KAPIU, Gagai
| Service Number: | Q85142 |
|---|---|
| Enlisted: | 27 October 1941, Thursday Island, Qld. |
| Last Rank: | Corporal |
| Last Unit: | Torres Strait Light Infantry Battalion |
| Born: | Mabuiag Island, Torres Strait, Queensland, Australia, 1894 |
| Home Town: | Badu Island (Mulgrave Island), Torres Strait, Queensland |
| Schooling: | Badu Island Primary School, Queensland, Australia |
| Occupation: | Pearl Diver, Skipper, Lay Mission Worker, Carpenter, Chorister, Faithful Christian |
| Died: | Lobar pneumonia, Thursday Island, Torres Strait, Queensland, Australia, 21 August 1946 |
| Cemetery: |
Badu Island Cemetery, Torres Strait Island, Queensland |
| Memorials: |
World War 2 Service
| 27 Oct 1941: | Enlisted Australian Military Forces (WW2) , Private, Q85142, Torres Strait Light Infantry Battalion, Enlisted at Thursday Island. Immediately posted to the 7th Military District's Special Reconnaissance Unit, as boatswain of the unit's armed vessel, Aroetta. | |
|---|---|---|
| 27 Oct 1941: | Enlisted Australian Military Forces (WW2) , Corporal, Q85142, Torres Strait Light Infantry Battalion, Thursday Island, Qld. | |
| 25 Feb 1943: | Promoted Australian Military Forces (WW2) , Sergeant, Promoted to Acting Sergeant. | |
| 11 Jan 1944: | Transferred Australian Military Forces (WW2) , Staff Sergeant, 14th Small Ships Company , Taken on Strength.

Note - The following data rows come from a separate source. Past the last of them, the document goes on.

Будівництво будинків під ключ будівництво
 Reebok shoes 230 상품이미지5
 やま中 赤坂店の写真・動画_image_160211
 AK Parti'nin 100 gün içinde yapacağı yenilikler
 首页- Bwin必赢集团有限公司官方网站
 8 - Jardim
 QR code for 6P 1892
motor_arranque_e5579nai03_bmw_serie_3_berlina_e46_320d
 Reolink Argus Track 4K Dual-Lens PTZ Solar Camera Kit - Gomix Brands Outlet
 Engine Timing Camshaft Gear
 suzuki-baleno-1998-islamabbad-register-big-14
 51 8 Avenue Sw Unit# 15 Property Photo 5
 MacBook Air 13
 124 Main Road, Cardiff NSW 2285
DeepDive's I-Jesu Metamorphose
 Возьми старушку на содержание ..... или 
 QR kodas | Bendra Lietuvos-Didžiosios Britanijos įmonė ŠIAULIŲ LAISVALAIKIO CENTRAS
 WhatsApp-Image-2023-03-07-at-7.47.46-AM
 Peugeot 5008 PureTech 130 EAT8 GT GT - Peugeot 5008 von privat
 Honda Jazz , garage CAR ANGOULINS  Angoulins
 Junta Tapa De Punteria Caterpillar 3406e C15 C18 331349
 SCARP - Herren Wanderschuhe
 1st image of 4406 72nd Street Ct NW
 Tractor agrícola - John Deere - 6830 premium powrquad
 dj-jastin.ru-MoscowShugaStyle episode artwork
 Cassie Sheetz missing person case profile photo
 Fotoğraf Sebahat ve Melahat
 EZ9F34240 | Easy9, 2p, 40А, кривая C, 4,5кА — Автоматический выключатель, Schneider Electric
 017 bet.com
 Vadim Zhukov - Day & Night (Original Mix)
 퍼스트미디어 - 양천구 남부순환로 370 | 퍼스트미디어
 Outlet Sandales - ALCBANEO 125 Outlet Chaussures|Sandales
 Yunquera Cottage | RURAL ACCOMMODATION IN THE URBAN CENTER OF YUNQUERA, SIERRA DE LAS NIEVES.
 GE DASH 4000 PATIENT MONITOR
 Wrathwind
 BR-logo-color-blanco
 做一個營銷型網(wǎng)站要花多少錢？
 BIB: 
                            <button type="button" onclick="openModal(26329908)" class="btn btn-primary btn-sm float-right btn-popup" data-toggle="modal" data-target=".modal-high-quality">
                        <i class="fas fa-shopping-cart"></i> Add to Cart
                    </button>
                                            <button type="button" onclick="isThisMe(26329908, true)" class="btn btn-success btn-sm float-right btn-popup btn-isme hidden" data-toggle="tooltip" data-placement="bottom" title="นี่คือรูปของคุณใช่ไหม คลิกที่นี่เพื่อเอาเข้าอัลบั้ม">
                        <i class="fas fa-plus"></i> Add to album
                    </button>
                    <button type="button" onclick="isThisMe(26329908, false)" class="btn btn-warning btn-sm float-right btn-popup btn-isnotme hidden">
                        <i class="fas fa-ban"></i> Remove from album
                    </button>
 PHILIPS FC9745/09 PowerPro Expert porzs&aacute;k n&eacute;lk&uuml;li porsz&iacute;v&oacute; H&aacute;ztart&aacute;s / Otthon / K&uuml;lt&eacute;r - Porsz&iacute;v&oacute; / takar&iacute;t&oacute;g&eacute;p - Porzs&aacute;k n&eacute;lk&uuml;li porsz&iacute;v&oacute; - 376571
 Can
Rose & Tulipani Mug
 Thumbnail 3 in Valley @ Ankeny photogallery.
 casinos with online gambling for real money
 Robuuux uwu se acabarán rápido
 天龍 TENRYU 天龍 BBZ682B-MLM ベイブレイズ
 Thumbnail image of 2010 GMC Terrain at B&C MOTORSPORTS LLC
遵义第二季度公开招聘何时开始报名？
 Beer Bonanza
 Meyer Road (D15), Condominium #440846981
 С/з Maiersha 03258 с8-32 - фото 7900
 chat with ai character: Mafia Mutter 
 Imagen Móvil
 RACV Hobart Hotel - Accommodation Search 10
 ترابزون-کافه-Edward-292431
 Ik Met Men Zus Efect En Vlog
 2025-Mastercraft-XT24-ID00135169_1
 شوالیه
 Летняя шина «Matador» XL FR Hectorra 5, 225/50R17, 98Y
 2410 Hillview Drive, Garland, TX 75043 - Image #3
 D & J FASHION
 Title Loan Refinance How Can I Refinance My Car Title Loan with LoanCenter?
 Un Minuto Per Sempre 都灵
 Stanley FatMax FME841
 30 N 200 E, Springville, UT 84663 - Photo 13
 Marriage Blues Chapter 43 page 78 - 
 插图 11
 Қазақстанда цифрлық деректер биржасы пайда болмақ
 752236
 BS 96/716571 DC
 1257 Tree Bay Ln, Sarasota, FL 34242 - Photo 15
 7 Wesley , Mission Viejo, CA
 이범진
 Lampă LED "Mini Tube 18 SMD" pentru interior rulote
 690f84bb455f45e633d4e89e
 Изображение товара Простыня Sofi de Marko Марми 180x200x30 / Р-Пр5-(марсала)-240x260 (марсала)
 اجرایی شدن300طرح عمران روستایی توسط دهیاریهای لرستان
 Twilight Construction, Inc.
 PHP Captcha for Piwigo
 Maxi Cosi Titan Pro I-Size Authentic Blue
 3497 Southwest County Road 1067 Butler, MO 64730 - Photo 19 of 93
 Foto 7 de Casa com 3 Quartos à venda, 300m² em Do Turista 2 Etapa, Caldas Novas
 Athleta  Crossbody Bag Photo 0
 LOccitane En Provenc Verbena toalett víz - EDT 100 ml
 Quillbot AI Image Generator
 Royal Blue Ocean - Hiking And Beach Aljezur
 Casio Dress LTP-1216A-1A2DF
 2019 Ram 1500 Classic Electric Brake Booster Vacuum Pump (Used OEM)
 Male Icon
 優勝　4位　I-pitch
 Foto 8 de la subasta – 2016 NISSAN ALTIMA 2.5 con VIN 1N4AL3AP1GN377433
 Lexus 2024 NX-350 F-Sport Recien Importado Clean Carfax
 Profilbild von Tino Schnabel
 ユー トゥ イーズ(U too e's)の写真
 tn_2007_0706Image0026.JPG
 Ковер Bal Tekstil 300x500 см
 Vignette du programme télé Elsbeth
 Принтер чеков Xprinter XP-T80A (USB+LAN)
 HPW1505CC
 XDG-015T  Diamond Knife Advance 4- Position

Posted to 14SSC, supervising Islander and Aboriginal soldiers, and occasionally piloting small craft in Torres Strait and around Cape York. | |
| 1 Jul 1944: | Involvement Australian Military Forces (WW2) , Corporal, Q85142, 14th Small Ships Company , Rank reverted to Corporal. | |
| 9 Jan 1946: | Transferred Australian Military Forces (WW2) , Corporal, Torres Strait Light Infantry Battalion, Following medical assessment, transferred to TSLIB. | |
| 28 Mar 1946: | Discharged Australian Military Forces (WW2) , Corporal, Q85142, Torres Strait Light Infantry Battalion, Discharged on demobilization. |
Help us honour Gagai Kapiu's service by contributing information, stories, and images so that they can be preserved for future generations.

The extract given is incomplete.